Le dossier s’est pourtant largement invité dans la société hongroise depuis la chute du «socialisme du goulash» en 1989-1990. L’ONG Homeros lancée en pleine vague du sida et le fanzine «Mások» («Les Autres») ont accompagné l’essor d’une communauté jusqu’ici contrainte de se rencontrer en catimini au Café de l’Université ou lors de soirées underground en appartement organisées des mois à l’avance. Aujourd’hui, l’AlterEGO Club et le Why Not incarnent la quintessence d’une vie nocturne foisonnante.
 
«L’entrée dans l’UE (en 2004, ndlr.) a facilité les rencontres et fragilisé ceux qui nous détestent», affirme Gergő Dékany de l’organisme Szimpozion, régulièrement en contact avec des confrères étrangers. «Notre situation s’est considérablement améliorée par rapport aux années 1970. Tobiás dans «Barátok Közt» (le «Friends» magyar) et le «Mónika Show» (une émission type «C’est mon choix») ont montré que l’homosexualité n’existait pas qu’a l’Ouest et qu’elle n’était pas réservée aux films hollywoodiens».
 
Diversité dans toutes ses acceptions
 
Le monde de l’entreprise s’est également mis au diapason via la fondation Nyitottak Vagyunk («Nous sommes open»), impulsée par Google et le logiciel maison de présentations par ordinateur Prezi. «Nous encourageons la diversité dans toutes ses acceptions: homos, sans-abris, femmes, handicapés…», explique sa porte-parole, Melinda Miklós. «La Pride en est la meilleure célébration.

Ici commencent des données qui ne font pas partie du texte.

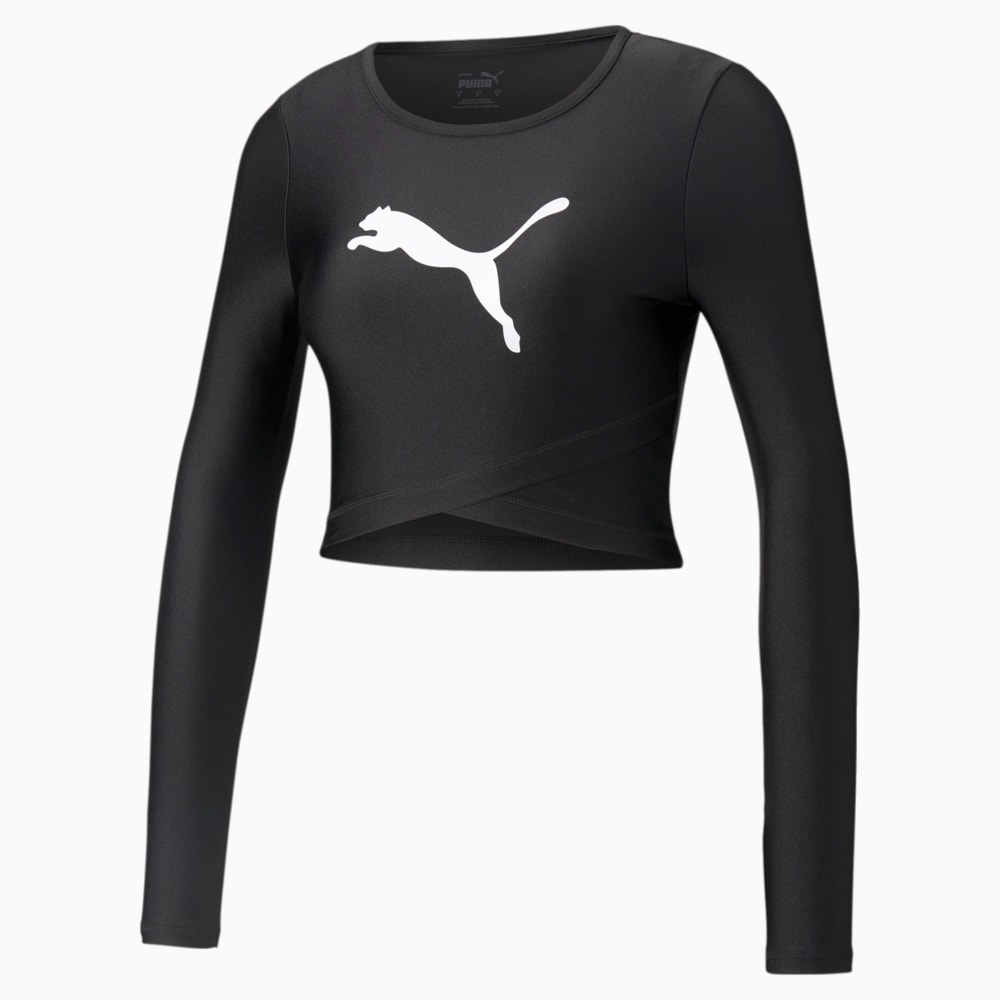 Görüntü Puma Modern Sports Uzun Kollu Kadın T-shirt #1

N’importe quelle compagnie qui partage cette vision peut nous rejoindre, petite épicerie ou puissante multinationale».
 
Nyitottak Vagyunk conduisait d’ailleurs un char lors de l’édition 2016 de la marche, qui a rassemblé environ 20’000 personnes sous la bannière arc-en-ciel. Une affluence record synonyme d’énorme pied de nez aux contempteurs du «lobby gay» à l’instar du dramaturge Imre Kerényi. L’artiste revendiquait en mai 2014 la nécessité de «stopper la décadence» et de «purifier les théâtres et les écoles». La charge au bulldozer visait essentiellement son confrère Róbert Alföldi, dont le coming out a partagé la Hongrie.
 
Dániel Holländer a supervisé la manifestation et se réjouit des avancées autour des questions LGBTIQ. «Quand tu compares le premier défilé confidentiel de 1997 et celui de 2016 où les médias pullulaient, la différence saute aux yeux. Le mouvement s’est professionnalisé, les grandes villes de province comme Pécs ou Szeged hébergent des assos et les outings sont courants. L’union civile existe et des dizaines d’ambassades nous appuient. C’était carrément inimaginable avant l’effondrement du communisme».
 
Inimaginable mais améliorable. Les droits des homos intéressent peu au-delà des cercles impliqués. Les forces de l’ordre ont tenté d’interdire la Pride en 2012, mais un tribunal en a décidé autrement. Le maire du huitième arrondissement de Budapest, Máté Kocsis, souhaite qu’une «hétéro pride» puisse investir la capitale pour «rétablir l’équilibre». Et la télévision publique hongroise? MTV refuse catégoriquement de diffuser le film de Mária Takács. Motif? Les familles ne doivent pas voir ça. Oui, il y a encore du boulot.